**WHAT YOU SHOULD DO**
In the records that follow, find the line containing "SPUNKYJUNKY Ceramic Elevated" and the line containing "Tira de Folha", then transcribe both and every line between them exactly, omitting pictures.

**RECORDED INFORMATION**

● ● ● ● ●

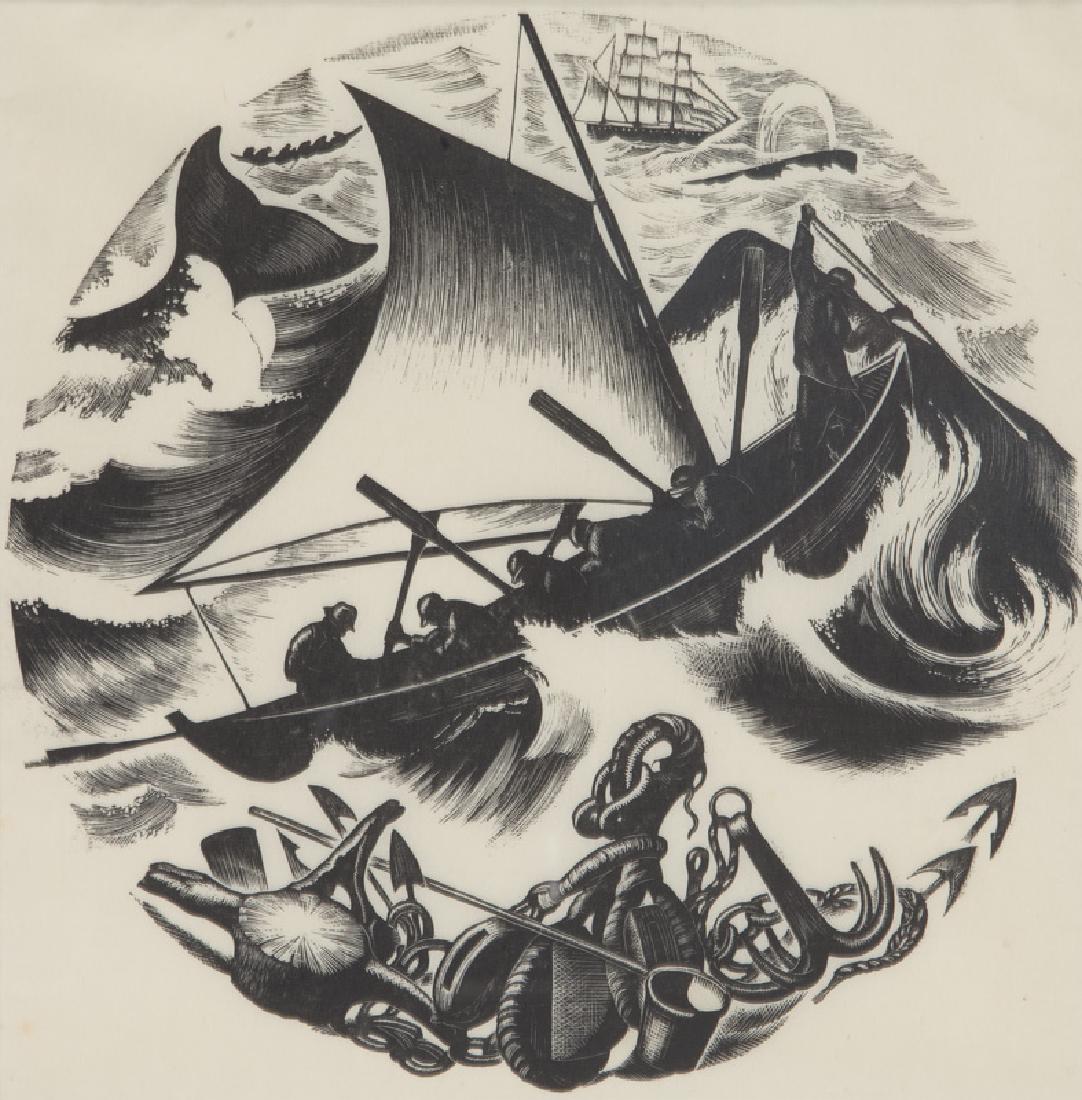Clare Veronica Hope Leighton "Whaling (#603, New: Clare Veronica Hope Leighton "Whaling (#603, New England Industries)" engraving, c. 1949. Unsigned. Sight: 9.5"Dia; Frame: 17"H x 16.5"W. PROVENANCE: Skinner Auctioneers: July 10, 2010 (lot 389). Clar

● ● ● ● ●

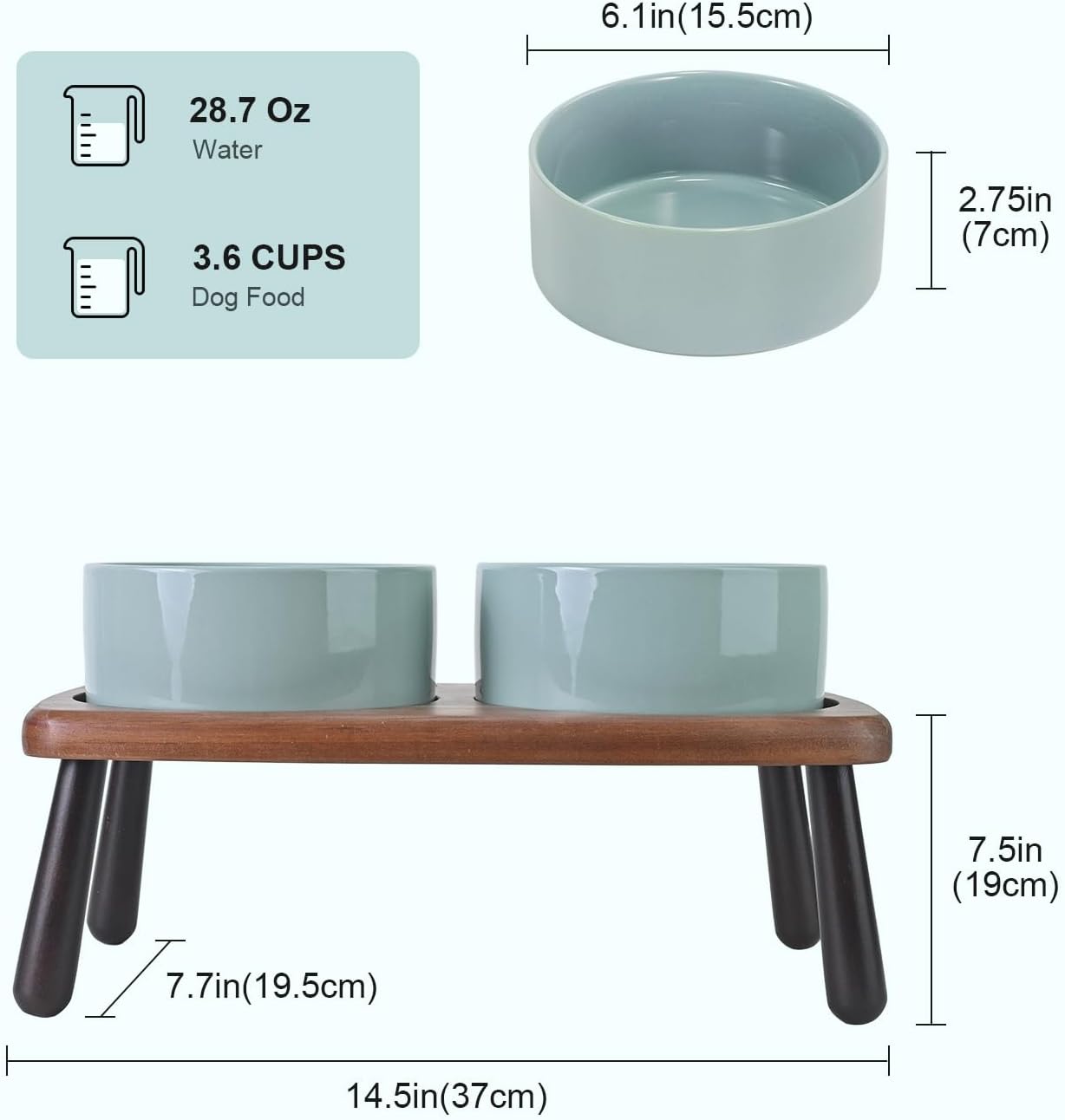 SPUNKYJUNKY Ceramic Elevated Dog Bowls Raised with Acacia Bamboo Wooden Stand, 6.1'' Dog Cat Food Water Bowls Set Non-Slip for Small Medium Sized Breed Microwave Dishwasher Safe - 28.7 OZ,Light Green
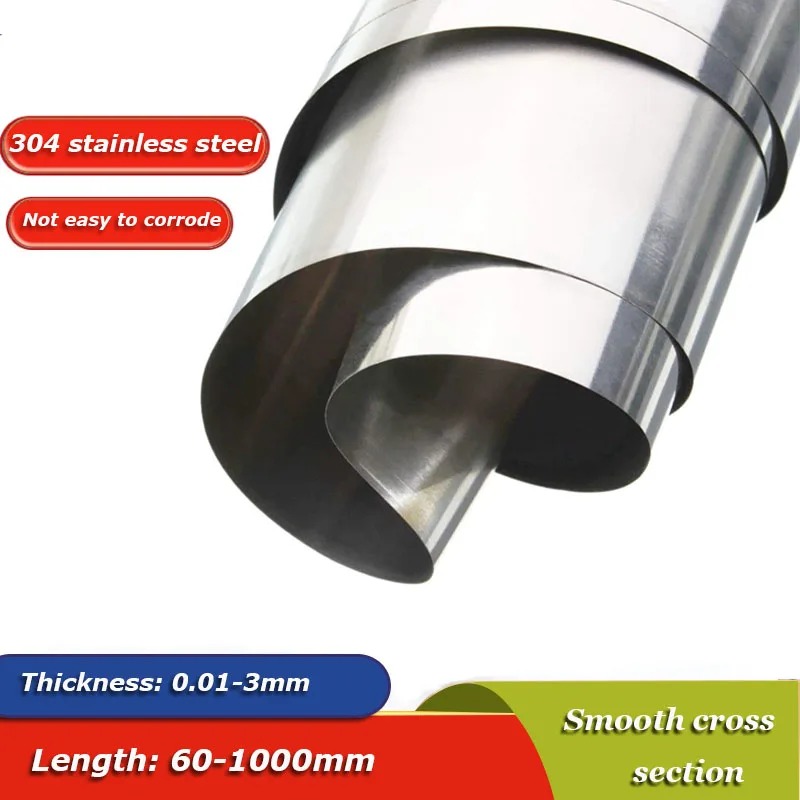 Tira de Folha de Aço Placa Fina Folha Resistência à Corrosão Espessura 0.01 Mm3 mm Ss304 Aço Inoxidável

● ● ● ● ●

**EXPECTED OUTPUT**
 SPUNKYJUNKY Ceramic Elevated Dog Bowls Raised with Acacia Bamboo Wooden Stand, 6.1'' Dog Cat Food Water Bowls Set Non-Slip for Small Medium Sized Breed Microwave Dishwasher Safe - 28.7 OZ,Light Green
 Tira de Folha de Aço Placa Fina Folha Resistência à Corrosão Espessura 0.01 Mm3 mm Ss304 Aço Inoxidável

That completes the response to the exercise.